5 maja gramy na ciężkim terenie w Mikołowie z tamtejszą Kamionką.
Przyzwyczajeni do równego boiska staramy się na początek wygrać z „mało trawiastym” boiskiem gospodarzy. Po kilku minutach wiemy już na co pozwoli nam tego dnia futbolówka i warunki gry.
Widząc parę niepewnych podań Kamionki i problem z wyprowadzeniem piłki z pola bramkowego, nasza drużyna postanawia grać wysoko i jak najszybciej odbierać piłkę. Efekt jedna stracona i 5 strzelonych bramek jeszcze w pierwszej połowie.
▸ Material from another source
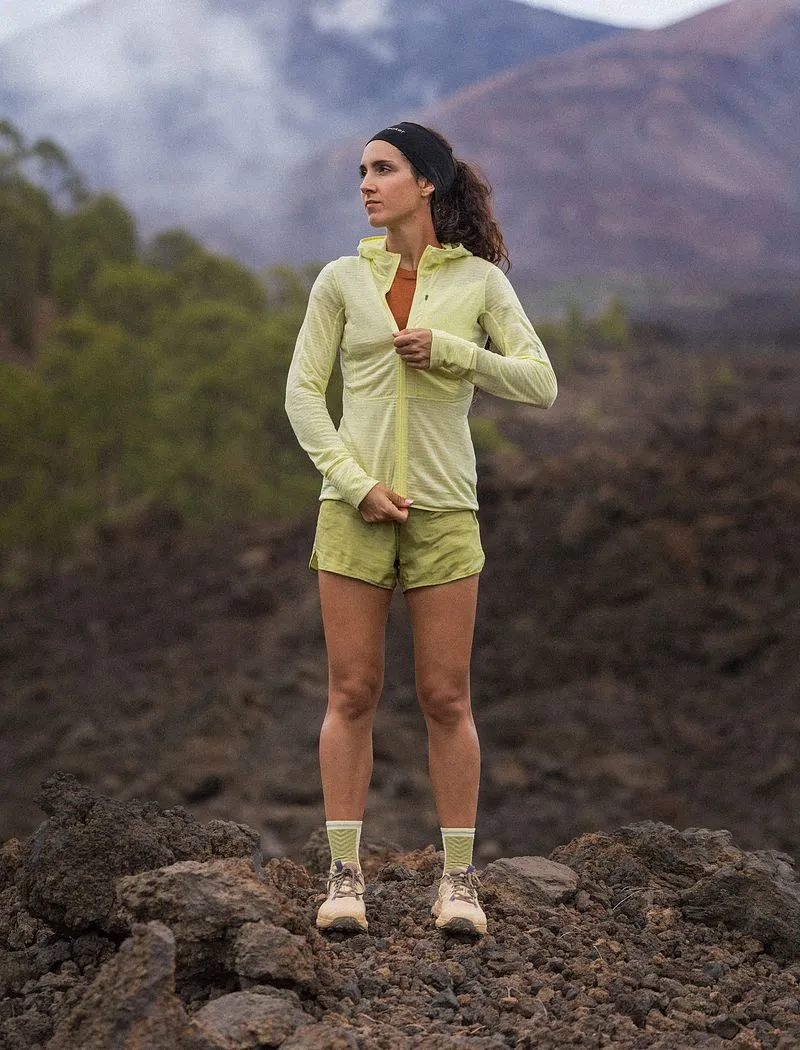 Icebreaker Merino Blend 200 Realfleece™ Descender Long Sleeve Zip Hoodie - Woman - Citrine - Size XS sold by Icebreaker product image thumbnail 2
W przerwie rozmawiamy o tym by grać szeroko i o pilnowaniu swoich pozycji. No i właśnie pozycje i związane z grą na nich zadania nadal są dla nas ciężkie do odgrywania na boisku, a wysoki wynik daje nam rozluźnienie i… kilka piłek za plecy obrońców.
Wyciągnęliśmy wszystko co było możliwe na tej murawie, a hat- trick Olafa, wspaniała obrona Kuby- kontra- gol, super gra na przedpolu Dawida i duże zaangażowanie całej drużyny daje nam pewne zwycięstwo 6 – 2.